### [Records for the task]

- - -

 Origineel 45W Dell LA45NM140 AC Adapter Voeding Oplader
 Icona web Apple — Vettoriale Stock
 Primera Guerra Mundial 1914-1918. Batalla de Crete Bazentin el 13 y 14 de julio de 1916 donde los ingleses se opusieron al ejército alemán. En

- - -

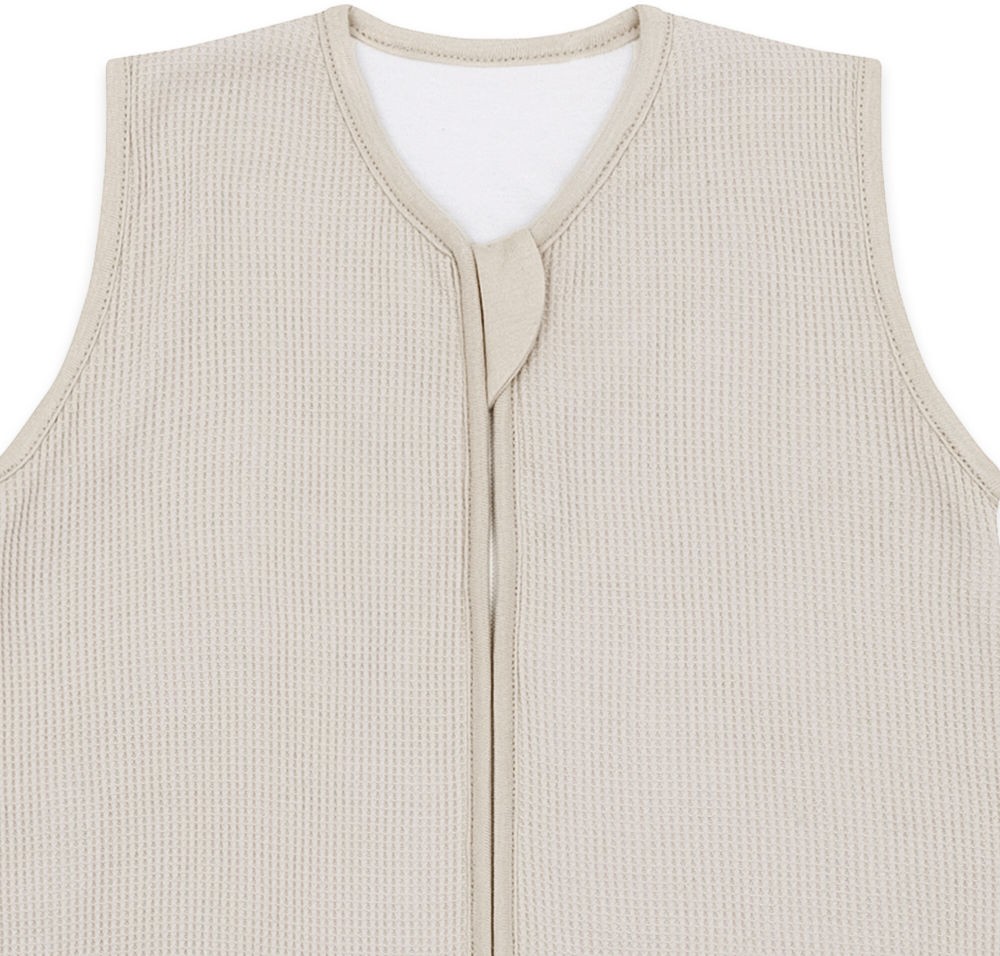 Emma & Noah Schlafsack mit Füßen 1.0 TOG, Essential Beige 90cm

- - -

### [What the task asks]
Copy verbatim, from the listing above, each line from the one containing "Icona web Apple — Vettoriale Stock" down to the one containing "Primera Guerra Mundial", inclusive.

### [Task solution]
 Icona web Apple — Vettoriale Stock
 Primera Guerra Mundial 1914-1918. Batalla de Crete Bazentin el 13 y 14 de julio de 1916 donde los ingleses se opusieron al ejército alemán. En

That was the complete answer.